Visualize training curves and compare performance between baseline and obstacle-based training runs.

In [None]:
# ============================================================================
# RESULTS: Visualization & Comparison
# ============================================================================

print("\n" + "="*70)
print("RESULTS: Baseline vs Obstacles Comparison")
print("="*70)

fig, axes = plt.subplots(1, 2, figsize=(16, 5))

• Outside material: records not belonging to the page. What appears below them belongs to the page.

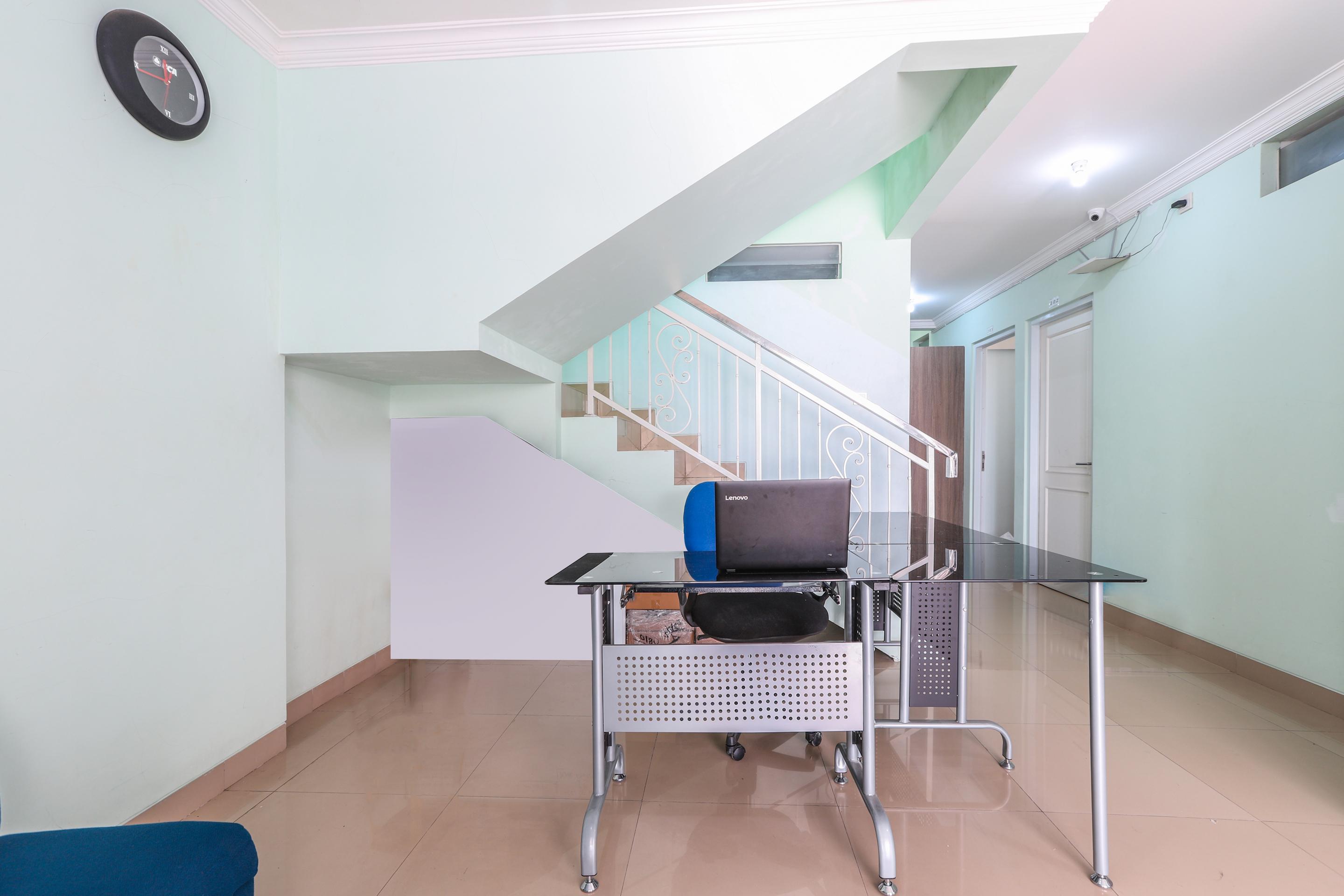 Oyo 1551 Studento Guest House Тангеранг Екстериор снимка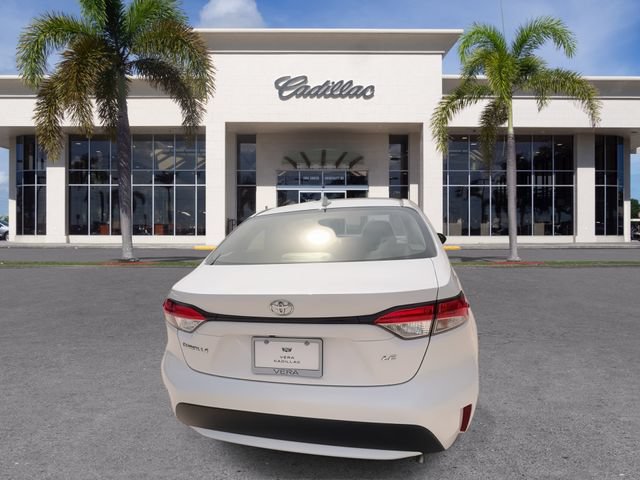 Used 2021 Toyota Corolla LE FWD image 13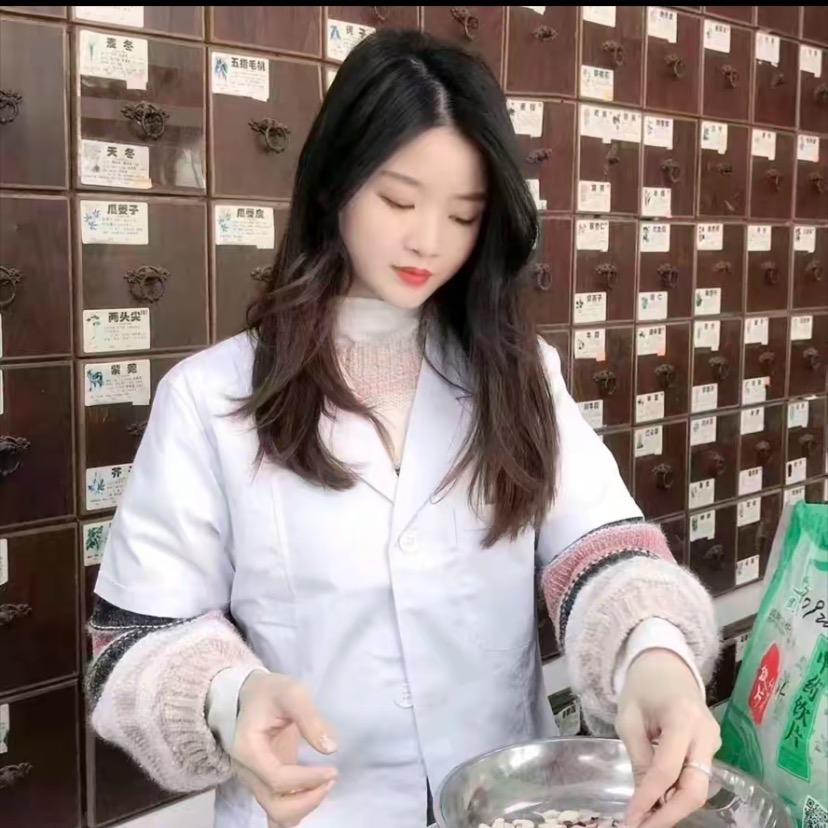 一只受伤的（思思）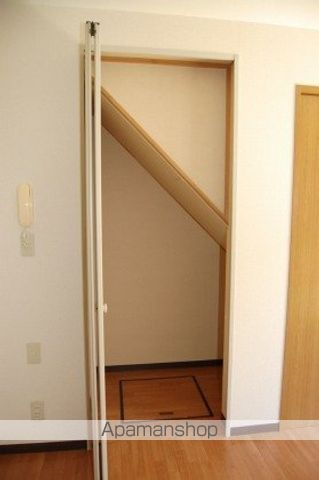 ハイツ氏丸の内装写真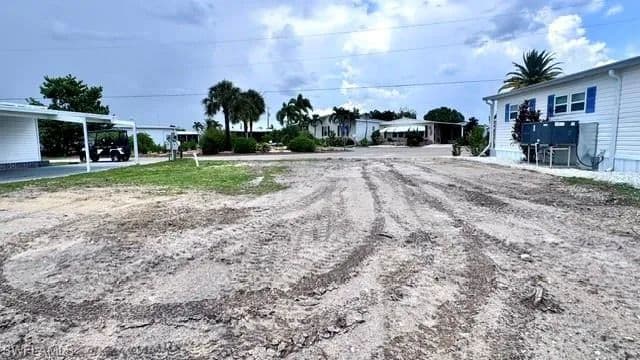 0.11 Acres of Land for Sale in NORTH FORT MYERS, FL - North Fort Myers, Florida, 33917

# Plot 1: Individual training curves
window = 30
# baseline_smoothed = [np.mean(rewards_baseline[max(0, i-window):i+1]) for i in range(len(rewards_baseline))]
baseline_smoothed = [0.0 for _ in range(len(rewards_obstacles))]  # Placeholder since baseline training is commented out
obstacles_smoothed = [np.mean(rewards_obstacles[max(0, i-window):i+1]) for i in range(len(rewards_obstacles))]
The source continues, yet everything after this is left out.